Sunday, March 20, 2011

What Exactly Is Sensation Fiction? - Jennifer

I thought Michael Denning did a very efficient job of not only discussing the history of the dime novel but showing us, his readers, many different cases of dime novels in existence throughout working class America at the turn of the century. My main question, however, was why he kept referencing dime novels as sensation fiction. I think he was very thorough with all of his explanations of terms and ideas, yet this is the one that escaped. I'm confused because I have always associated sensation novels with British literature a few decades before American dime novels are being discussed by Denning, much well known to be the masterwork of Wilkie Collins and to a lesser extent Lady Elizabeth Braddon among others who adopted the sensation novel and its characteristics to use in their works. I have always known sensation novels and sensation fiction to involve mysterious plots, some sort of murder or kidnapping involving poisons or opiates, as well as contrasting female characters, an intermingling of middle and upper class characters, and even sometimes the aspects of the country verses the city. As we have all read the description of the dime novel or the American sensation novel is quite different mostly involving working class and sometimes middle class characters and the events and excitement revolve around working class events.

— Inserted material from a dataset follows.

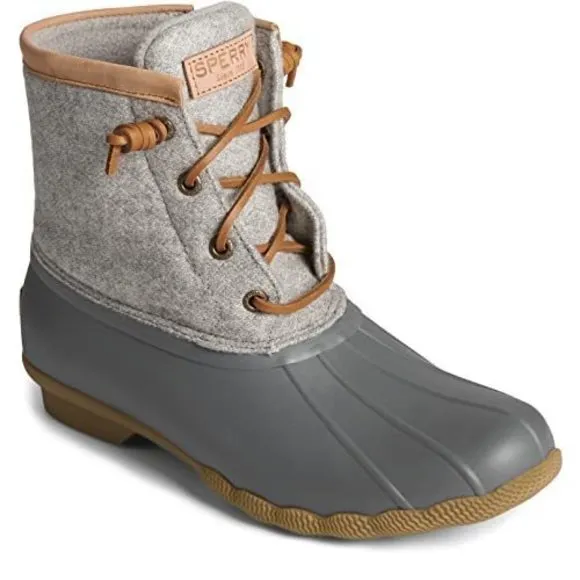 SPERRY WOMENS SALTWATER EMBOSS WOOL BOOTS, DARK GREY, 8 M US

I would have liked to have known where Denning decided to call American dime novels sensation fiction or seen him explain why he uses the term when it was coined before dime novels and was coined for a British genre of literature. I think when looking at the term "sensation" it refers much more to the British genre because of the sensational plot twists and sensational characters of the novels. I even looked up American sensation fiction and was confronted with the works of Louisa May Alcott, Nathaniel Hawthorne, and Edgar Allan Poe, not the works of the dime novelists which just simply leads me to wonder why Denning continues to use the terms dime novel and sensation fiction as interchangeable in his book. The use of sensation fiction in American literature characterizes many of the same plot themes as the British and notes that the scandalous and mosterous events of the story were what made these works sensation novels. The one common denominator between sensation fiction as characterized by Denning and by what I have read is George Lippard who is well documented by Denning. Lippard's dime novels are of the few in Denning's book that fall into the time frame for what is considered sensation fiction. The Quaker City, Lippard's novel, and his other novels seem to have many of the aspects we would associate with sensation fiction such as a large manor house, an intricate inheritance plot, and seduction. In this case Denning classifies Lippard's novels as dime because they deal with the urban plot setting, but I do not necessarily see the connection between these sensation novels and the later dime novels most prevalent in Denning's book.